1 Reply Latest reply on Jan 22, 2010 11:20 PM by BarnacleJunior

    Bug in D3D11 driver.  Doesn't scatter correctly.

    BarnacleJunior

      This must be a bug in the 5800 driver for cs_5_0, not the actual fxc compiler (for a change).  I've got a radix sort that works perfectly under REF, and with a kludge, works with hardware.  The problem comes when scattering values during each bit of the radix.  I'm not going to paste all the code, because it's rather long, but I'll put the relevent parts, and all the D3D IL, so you can generate ISA from it - is there a tool to let me generate ISA from D3D IL yet?

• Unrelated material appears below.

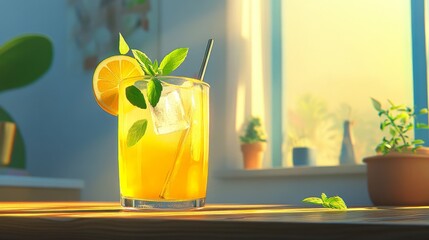 Aufkleber - A refreshing glass of iced lemonade filled with bright yellow liquid and ice cubes, garnished with a lemon slice and mint leaves, sitting on a wooden table.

      VALUES_PER_THREAD = 8.  That means I have a typedef uint4 Counter[2]; Counter keys; Counter slots[1]; slots[0] holds the .y component of the keys array, and it's macro'd to hold additional values from other arrays.  I have groupshared uint sharedArray[VALUES_PER_THREAD * NUM_THREADS];  I scatter the keys last each bit, so the key values remain in shared memory for the bucket count.  The bug is the values that are supposed to be scattered are not, and are in fact being filled with their corresponding keys.  When the shader completes, the .x and .y components are the same - both are sorted.  The .y component is lost or corrupted.  With some builds all 8 .y values are set to their corresponding key values.  Sometimes the 0 and 1 values of each thread are retained but 2-7 are set to the corresponding keys.  You can see that here:
      http://www.earthrse.com/screenie/20100115-003737.png

      .second of [0] and [1] are good, but 2-7 are the same as .first!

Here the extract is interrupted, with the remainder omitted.